[PROVIDED MATERIAL Boundary: Start]

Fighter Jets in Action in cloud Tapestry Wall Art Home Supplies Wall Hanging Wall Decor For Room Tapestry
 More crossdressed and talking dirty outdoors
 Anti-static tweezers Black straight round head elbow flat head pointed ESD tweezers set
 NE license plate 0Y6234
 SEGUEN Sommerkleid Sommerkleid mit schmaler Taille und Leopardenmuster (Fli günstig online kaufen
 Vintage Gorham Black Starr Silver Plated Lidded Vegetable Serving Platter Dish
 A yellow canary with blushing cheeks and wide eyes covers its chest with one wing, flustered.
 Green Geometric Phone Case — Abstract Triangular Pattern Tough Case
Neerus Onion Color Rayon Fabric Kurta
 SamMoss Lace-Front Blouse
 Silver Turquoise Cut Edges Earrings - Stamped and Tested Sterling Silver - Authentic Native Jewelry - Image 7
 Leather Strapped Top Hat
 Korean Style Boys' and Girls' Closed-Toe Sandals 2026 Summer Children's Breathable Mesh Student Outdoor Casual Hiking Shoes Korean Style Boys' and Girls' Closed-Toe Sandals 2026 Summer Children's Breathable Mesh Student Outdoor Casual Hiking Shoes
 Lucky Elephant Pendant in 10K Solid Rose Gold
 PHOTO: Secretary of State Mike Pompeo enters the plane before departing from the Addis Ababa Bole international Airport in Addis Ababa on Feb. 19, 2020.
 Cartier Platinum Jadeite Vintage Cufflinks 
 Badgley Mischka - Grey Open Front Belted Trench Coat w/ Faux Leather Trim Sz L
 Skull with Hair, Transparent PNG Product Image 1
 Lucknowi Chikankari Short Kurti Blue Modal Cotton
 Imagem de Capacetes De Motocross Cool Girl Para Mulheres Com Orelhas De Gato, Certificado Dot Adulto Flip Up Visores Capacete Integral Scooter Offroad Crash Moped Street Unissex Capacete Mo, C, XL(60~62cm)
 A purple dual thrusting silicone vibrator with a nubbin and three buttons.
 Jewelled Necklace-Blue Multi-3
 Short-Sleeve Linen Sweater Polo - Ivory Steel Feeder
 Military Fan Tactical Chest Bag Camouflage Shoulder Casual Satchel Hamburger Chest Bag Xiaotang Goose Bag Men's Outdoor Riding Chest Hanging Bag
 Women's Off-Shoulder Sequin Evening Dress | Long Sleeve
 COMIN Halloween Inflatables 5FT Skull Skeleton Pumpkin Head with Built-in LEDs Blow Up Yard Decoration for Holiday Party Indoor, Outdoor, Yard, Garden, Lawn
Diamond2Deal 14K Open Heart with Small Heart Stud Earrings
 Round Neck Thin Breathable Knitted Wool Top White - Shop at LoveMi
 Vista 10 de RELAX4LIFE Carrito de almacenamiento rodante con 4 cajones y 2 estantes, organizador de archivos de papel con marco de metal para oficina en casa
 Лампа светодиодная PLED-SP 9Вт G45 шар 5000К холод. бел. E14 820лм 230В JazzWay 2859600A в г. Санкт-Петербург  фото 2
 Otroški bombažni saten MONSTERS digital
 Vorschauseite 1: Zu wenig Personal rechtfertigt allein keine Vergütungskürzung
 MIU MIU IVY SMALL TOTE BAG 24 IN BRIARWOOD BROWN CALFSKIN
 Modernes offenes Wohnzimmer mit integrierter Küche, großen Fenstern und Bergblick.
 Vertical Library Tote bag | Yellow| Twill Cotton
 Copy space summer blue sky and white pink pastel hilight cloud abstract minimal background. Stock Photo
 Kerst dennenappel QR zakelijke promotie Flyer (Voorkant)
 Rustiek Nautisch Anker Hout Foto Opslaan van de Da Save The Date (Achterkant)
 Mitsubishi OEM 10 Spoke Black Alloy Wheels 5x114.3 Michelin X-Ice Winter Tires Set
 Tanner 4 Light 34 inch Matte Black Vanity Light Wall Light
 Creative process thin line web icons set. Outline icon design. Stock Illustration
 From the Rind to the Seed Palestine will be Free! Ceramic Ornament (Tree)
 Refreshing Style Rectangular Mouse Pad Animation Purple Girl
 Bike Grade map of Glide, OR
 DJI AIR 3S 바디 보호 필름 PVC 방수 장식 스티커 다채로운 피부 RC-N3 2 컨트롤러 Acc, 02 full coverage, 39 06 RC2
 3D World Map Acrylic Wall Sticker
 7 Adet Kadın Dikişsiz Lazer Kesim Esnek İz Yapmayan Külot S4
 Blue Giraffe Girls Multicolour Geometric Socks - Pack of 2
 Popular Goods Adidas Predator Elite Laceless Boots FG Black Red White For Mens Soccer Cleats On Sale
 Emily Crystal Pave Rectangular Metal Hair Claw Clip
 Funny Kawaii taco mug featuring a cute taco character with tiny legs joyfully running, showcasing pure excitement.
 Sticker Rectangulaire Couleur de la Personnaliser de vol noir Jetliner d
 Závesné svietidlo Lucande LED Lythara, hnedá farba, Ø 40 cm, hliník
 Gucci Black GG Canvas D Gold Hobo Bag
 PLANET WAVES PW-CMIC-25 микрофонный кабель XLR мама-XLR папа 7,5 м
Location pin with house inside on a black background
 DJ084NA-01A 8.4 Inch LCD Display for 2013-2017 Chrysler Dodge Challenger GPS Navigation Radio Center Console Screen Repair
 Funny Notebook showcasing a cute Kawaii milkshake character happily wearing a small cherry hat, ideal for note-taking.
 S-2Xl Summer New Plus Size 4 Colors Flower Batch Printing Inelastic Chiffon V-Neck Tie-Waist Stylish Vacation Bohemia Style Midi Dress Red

[PROVIDED MATERIAL Boundary: End]

_PROBLEM REQUIREMENTS_
Retype each line of the material above exactly.

_WRITTEN REPLY_
Fighter Jets in Action in cloud Tapestry Wall Art Home Supplies Wall Hanging Wall Decor For Room Tapestry
 More crossdressed and talking dirty outdoors
 Anti-static tweezers Black straight round head elbow flat head pointed ESD tweezers set
 NE license plate 0Y6234
 SEGUEN Sommerkleid Sommerkleid mit schmaler Taille und Leopardenmuster (Fli günstig online kaufen
 Vintage Gorham Black Starr Silver Plated Lidded Vegetable Serving Platter Dish
 A yellow canary with blushing cheeks and wide eyes covers its chest with one wing, flustered.
 Green Geometric Phone Case — Abstract Triangular Pattern Tough Case
Neerus Onion Color Rayon Fabric Kurta
 SamMoss Lace-Front Blouse
 Silver Turquoise Cut Edges Earrings - Stamped and Tested Sterling Silver - Authentic Native Jewelry - Image 7
 Leather Strapped Top Hat
 Korean Style Boys' and Girls' Closed-Toe Sandals 2026 Summer Children's Breathable Mesh Student Outdoor Casual Hiking Shoes Korean Style Boys' and Girls' Closed-Toe Sandals 2026 Summer Children's Breathable Mesh Student Outdoor Casual Hiking Shoes
 Lucky Elephant Pendant in 10K Solid Rose Gold
 PHOTO: Secretary of State Mike Pompeo enters the plane before departing from the Addis Ababa Bole international Airport in Addis Ababa on Feb. 19, 2020.
 Cartier Platinum Jadeite Vintage Cufflinks 
 Badgley Mischka - Grey Open Front Belted Trench Coat w/ Faux Leather Trim Sz L
 Skull with Hair, Transparent PNG Product Image 1
 Lucknowi Chikankari Short Kurti Blue Modal Cotton
 Imagem de Capacetes De Motocross Cool Girl Para Mulheres Com Orelhas De Gato, Certificado Dot Adulto Flip Up Visores Capacete Integral Scooter Offroad Crash Moped Street Unissex Capacete Mo, C, XL(60~62cm)
 A purple dual thrusting silicone vibrator with a nubbin and three buttons.
 Jewelled Necklace-Blue Multi-3
 Short-Sleeve Linen Sweater Polo - Ivory Steel Feeder
 Military Fan Tactical Chest Bag Camouflage Shoulder Casual Satchel Hamburger Chest Bag Xiaotang Goose Bag Men's Outdoor Riding Chest Hanging Bag
 Women's Off-Shoulder Sequin Evening Dress | Long Sleeve
 COMIN Halloween Inflatables 5FT Skull Skeleton Pumpkin Head with Built-in LEDs Blow Up Yard Decoration for Holiday Party Indoor, Outdoor, Yard, Garden, Lawn
Diamond2Deal 14K Open Heart with Small Heart Stud Earrings
 Round Neck Thin Breathable Knitted Wool Top White - Shop at LoveMi
 Vista 10 de RELAX4LIFE Carrito de almacenamiento rodante con 4 cajones y 2 estantes, organizador de archivos de papel con marco de metal para oficina en casa
 Лампа светодиодная PLED-SP 9Вт G45 шар 5000К холод. бел. E14 820лм 230В JazzWay 2859600A в г. Санкт-Петербург  фото 2
 Otroški bombažni saten MONSTERS digital
 Vorschauseite 1: Zu wenig Personal rechtfertigt allein keine Vergütungskürzung
 MIU MIU IVY SMALL TOTE BAG 24 IN BRIARWOOD BROWN CALFSKIN
 Modernes offenes Wohnzimmer mit integrierter Küche, großen Fenstern und Bergblick.
 Vertical Library Tote bag | Yellow| Twill Cotton
 Copy space summer blue sky and white pink pastel hilight cloud abstract minimal background. Stock Photo
 Kerst dennenappel QR zakelijke promotie Flyer (Voorkant)
 Rustiek Nautisch Anker Hout Foto Opslaan van de Da Save The Date (Achterkant)
 Mitsubishi OEM 10 Spoke Black Alloy Wheels 5x114.3 Michelin X-Ice Winter Tires Set
 Tanner 4 Light 34 inch Matte Black Vanity Light Wall Light
 Creative process thin line web icons set. Outline icon design. Stock Illustration
 From the Rind to the Seed Palestine will be Free! Ceramic Ornament (Tree)
 Refreshing Style Rectangular Mouse Pad Animation Purple Girl
 Bike Grade map of Glide, OR
 DJI AIR 3S 바디 보호 필름 PVC 방수 장식 스티커 다채로운 피부 RC-N3 2 컨트롤러 Acc, 02 full coverage, 39 06 RC2
 3D World Map Acrylic Wall Sticker
 7 Adet Kadın Dikişsiz Lazer Kesim Esnek İz Yapmayan Külot S4
 Blue Giraffe Girls Multicolour Geometric Socks - Pack of 2
 Popular Goods Adidas Predator Elite Laceless Boots FG Black Red White For Mens Soccer Cleats On Sale
 Emily Crystal Pave Rectangular Metal Hair Claw Clip
 Funny Kawaii taco mug featuring a cute taco character with tiny legs joyfully running, showcasing pure excitement.
 Sticker Rectangulaire Couleur de la Personnaliser de vol noir Jetliner d
 Závesné svietidlo Lucande LED Lythara, hnedá farba, Ø 40 cm, hliník
 Gucci Black GG Canvas D Gold Hobo Bag
 PLANET WAVES PW-CMIC-25 микрофонный кабель XLR мама-XLR папа 7,5 м
Location pin with house inside on a black background
 DJ084NA-01A 8.4 Inch LCD Display for 2013-2017 Chrysler Dodge Challenger GPS Navigation Radio Center Console Screen Repair
 Funny Notebook showcasing a cute Kawaii milkshake character happily wearing a small cherry hat, ideal for note-taking.
 S-2Xl Summer New Plus Size 4 Colors Flower Batch Printing Inelastic Chiffon V-Neck Tie-Waist Stylish Vacation Bohemia Style Midi Dress Red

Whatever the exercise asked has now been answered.